[Exercise details] Your job is to print, exactly, the lines in the data below from the line with "Scottish Fold cat" through the line with "女婿接丈母娘电话 到底哪里搞笑 快来看看吧", both included, and to omit any picture.

[Records for this exercise]
=== Section Start ===

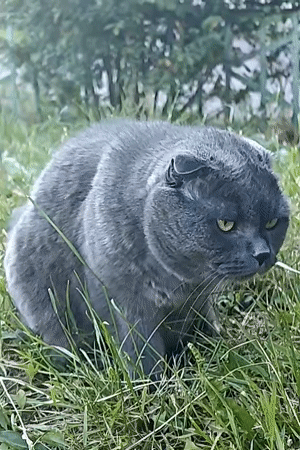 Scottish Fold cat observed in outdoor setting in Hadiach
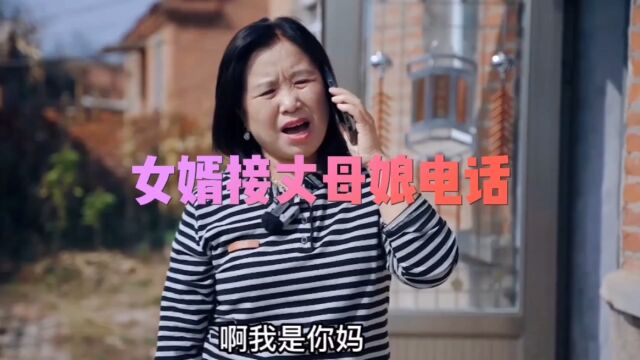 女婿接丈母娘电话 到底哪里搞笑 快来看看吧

=== Section End ===
=== Section Start ===

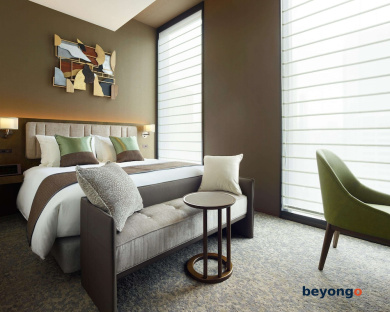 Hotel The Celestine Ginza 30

=== Section End ===

[Response area]
 Scottish Fold cat observed in outdoor setting in Hadiach
 女婿接丈母娘电话 到底哪里搞笑 快来看看吧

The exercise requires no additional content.